You claim there is no evidence for or reason to believe there is a God, which would mean that no God exists.
No, that's not what it means.
Let's try with a simple analogy.
You flip a coin and don't show me the result.
You then claim that it's heads and ask if I accept that as true.
I respond by saying that I have no reason to accept that as true.
Does that mean that I'll believe it's tails instead?
Off course not. It just means that I don't believe (= accept as true) that it is heads.
When it comes to the existance of God, 2 claims are possible:
- god exists
- god does not exist.
My atheism is a position concerning the first claim.
Sure, for all practical intents and purposes, I'll live my life not believing a god exists, which is (in practical terms) probably indistinguishable from a life where I actively believe that no gods exist. But that's not the same as claiming that and / or believing that.
This goes for all claims of existance.
I don't believe the claim that bigfoot exists.
That doesn't mean that I claim that bigfoot doesn't exist. Because I can't know that.
It would essentially require me to prove a negative - which is logically impossible.
You don't believe that a God exists, you have no reason or evidence that God exists so that means you don't think God exists.
yes.
Do you understand the difference between:
"I don't believe god exists"
and
"I believe no god exists"?
Because they aren't the same thing.
But enough of this. It's way off topic.
If you had absolute confirmation of God existing it would change your attitude towards that God, is is that simple.
Indeed, just ask any islamic suicide bomber before he goes on his holy suicide mission.
Now if you want to talk about how the Jews were given absolute confirmation of God's existence and how that compares to other religions we could go there but I doubt very much that you would really do that.

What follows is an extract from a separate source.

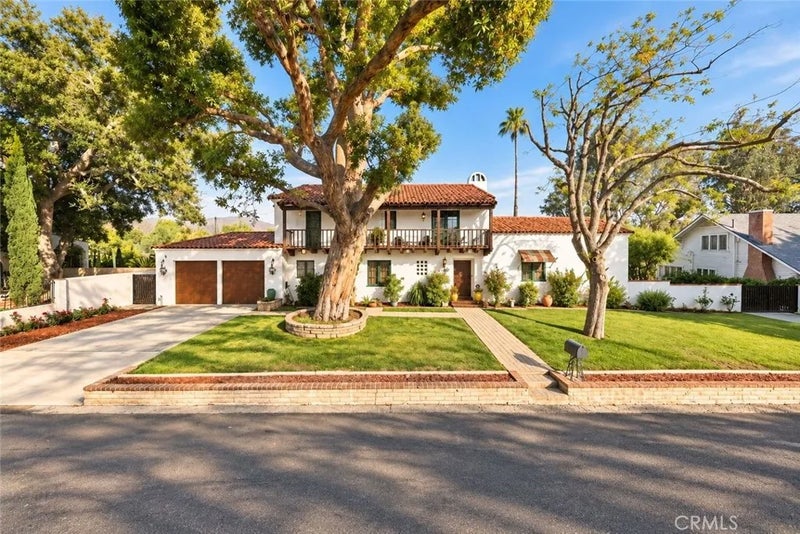 4734 Somerset Drive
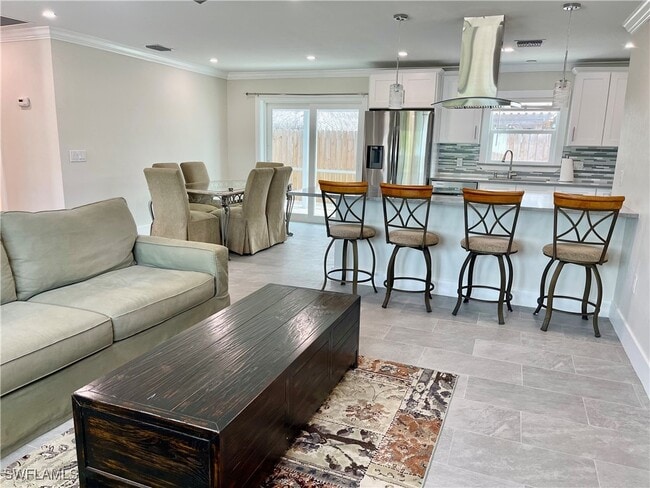 Photo - 345 Donora Blvd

Yes, I'm not interested in that exercise in futility, because we both know that there is no such thing as such "absolute confirmation". There might be such a thing as "absolute dogmatic
belief of having such confirmation". Again, just ask any islamic suicide bomber. Or Tom Cruise, he's quite certain as well about his inner Thetan.
Every fundamentalist beliefs fundamentally in his religion.
If you are going to take the Bible as the core foundation upon which to judge the actions of the Jewish people you have to then take the actual acts of God in entirety, which you don't do.
You seem to forget what the topic here is.
It's about moral evaluation of actions. I don't actually necessarily believe any of these bible stories actually occured. I'm just discussing the morality of such, even if only as hypothetical events.
It doesn't actually matter to the point if these stories are real or not.
In that sense, I might just as well be discussing the morality of The Empire in Star Wars or the Confederation of Planets in Star Trek.
You seem to have a problem with understanding the tenets of Christianity. We have no authority to kill unless we are defending ourselves or the lives of our loved ones. To have an abortion is murder, you are talking a life period.
But the kid goes straight to heaven, right?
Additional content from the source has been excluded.